Supreme Court Deadlock Blocks Obama's Immigration Reforms

Undocumented mothers rally for DAPA last month.
Undocumented mothers rally for DAPA last month.
Meagan Flynn

The U.S. Supreme Court split evenly Thursday morning in deciding whether President Barack Obama's executive-action immigration reforms were within his authority — but because of the 4-4 tie, the high court deferred to a lower court ruling that blocked them.

Texas sued the federal government last year over Obama's November 2014 Deferred Action for Parents of Americans program and the expansion of its sister reform, Deferred Action for Childhood Arrivals. Each provided temporary work permits and driver's licenses to thousands of undocumented immigrants and shielded them from deportation.

But in February 2015, U.S. District Judge Andrew Hanen in Brownsville suspended the reforms with a preliminary injunction, agreeing with Texas that Obama had tried to rewrite immigration laws and had overstepped his role. The state also argued that issuing thousands of additional driver's licenses was too much of a burden.

In the case of a tie in the Supreme Court, justices defer to the lower court's ruling — meaning Hanen's injunction against all of DAPA and the expansion of DACA will remain in place. The Supreme court is short-handed, with eight members, following the death of conservative Justice Antonin Scalia in February.

Despite the ruling, advocacy groups vowed to continue fighting for the thousands of immigrants left to live fearing separation from their families. Because the Supreme Court deadlocked, the justices' decision is not precedent-setting, and once the court again has nine members, the tie does not rule out a future challenge to Hanen's injunction.
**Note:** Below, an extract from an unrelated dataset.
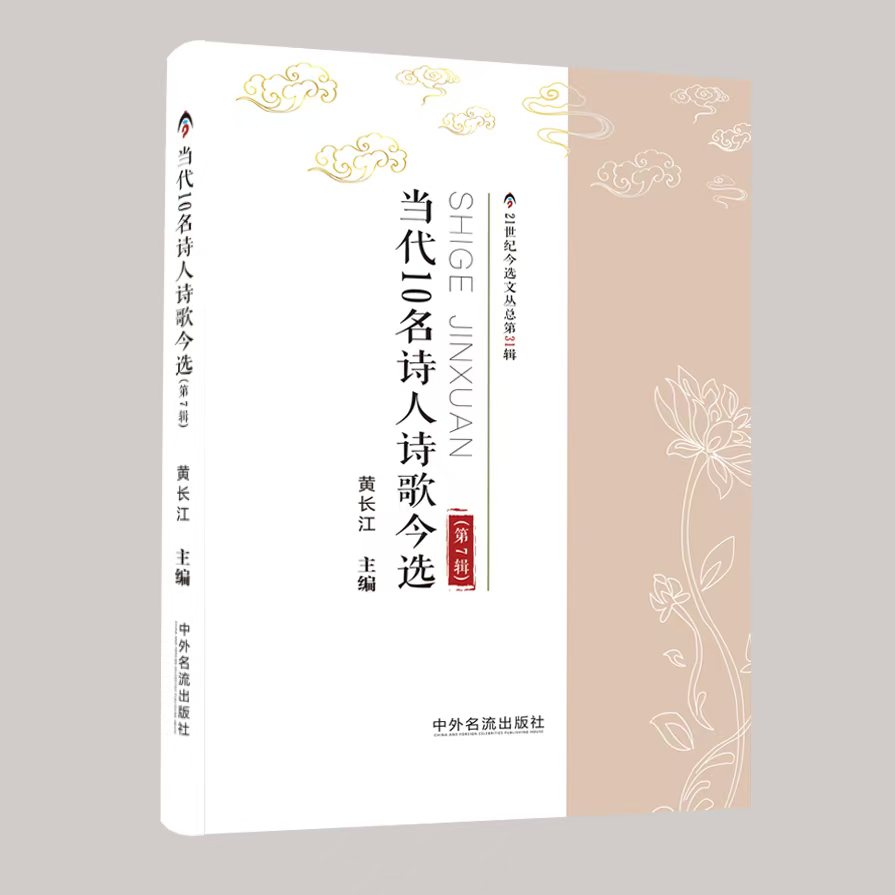 微信图片_20241223140054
“This all about politics for our opponents, but for the millions of immigrant families in Texas, it’s personal," Elsa Caballero, president of Service Employees International Union, which frequently advocates for undocumented immigrants, said in a statement. "From Trump to extremist Republicans who continue to spout anti-immigrant rhetoric and policies, we will deliver our response at the ballot box come November."

Texas officials, including Attorney General Ken Paxton, lauded the court's decision.
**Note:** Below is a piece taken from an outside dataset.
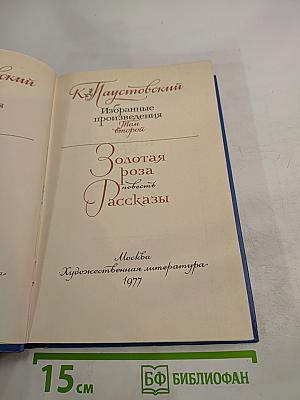 Избранные произведения. Золотая роза. Повесть. Рассказы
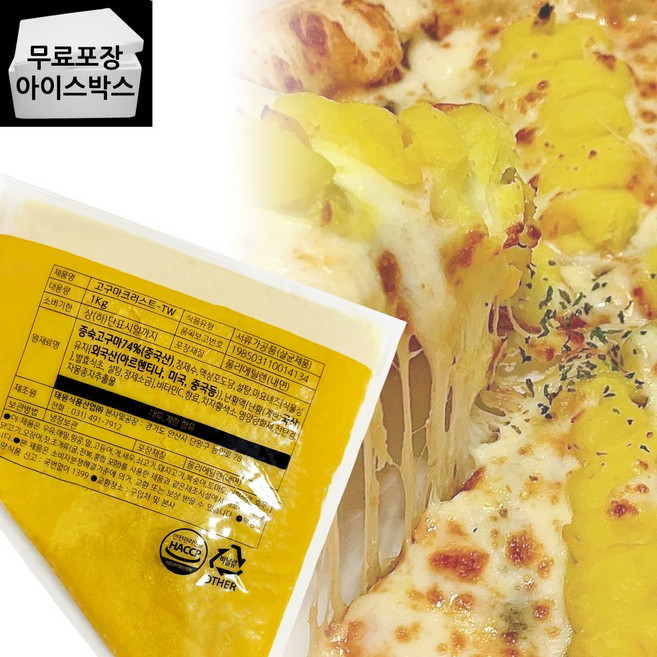 제이케이푸드 태원 고구마크러스트-TW 1kg 고구마무스, 2개, 1000g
“Today’s decision keeps in place what we have maintained from the very start: One person, even a president, cannot unilaterally change the law," Paxton said in a statement.

Waiting for the Supreme Court's decision, many undocumented immigrants came together for rallies, urging the high court to keep their families safe. At one such rally in north Houston, Gabriela Contreras said she feared even to leave her home to go pick up her kids from school, afraid she would be stopped for a traffic ticket and would never make it there. Another mom who would have benefited from DAPA said she couldn't give her children a Christmas last year because the charity that provided presents said it couldn't help her unless she had a valid ID.

Yet another, Patricia Lopez, was a single mother with two severely disabled children, who would not be able to go back to Mexico with Lopez should she be deported, because the family relies on specialized doctors here in the States.

“I know they can be put up with foster parents, but it's not the same thing," Lopez said.  "They just take care of them, but they don't love them. The love, it makes a big difference.”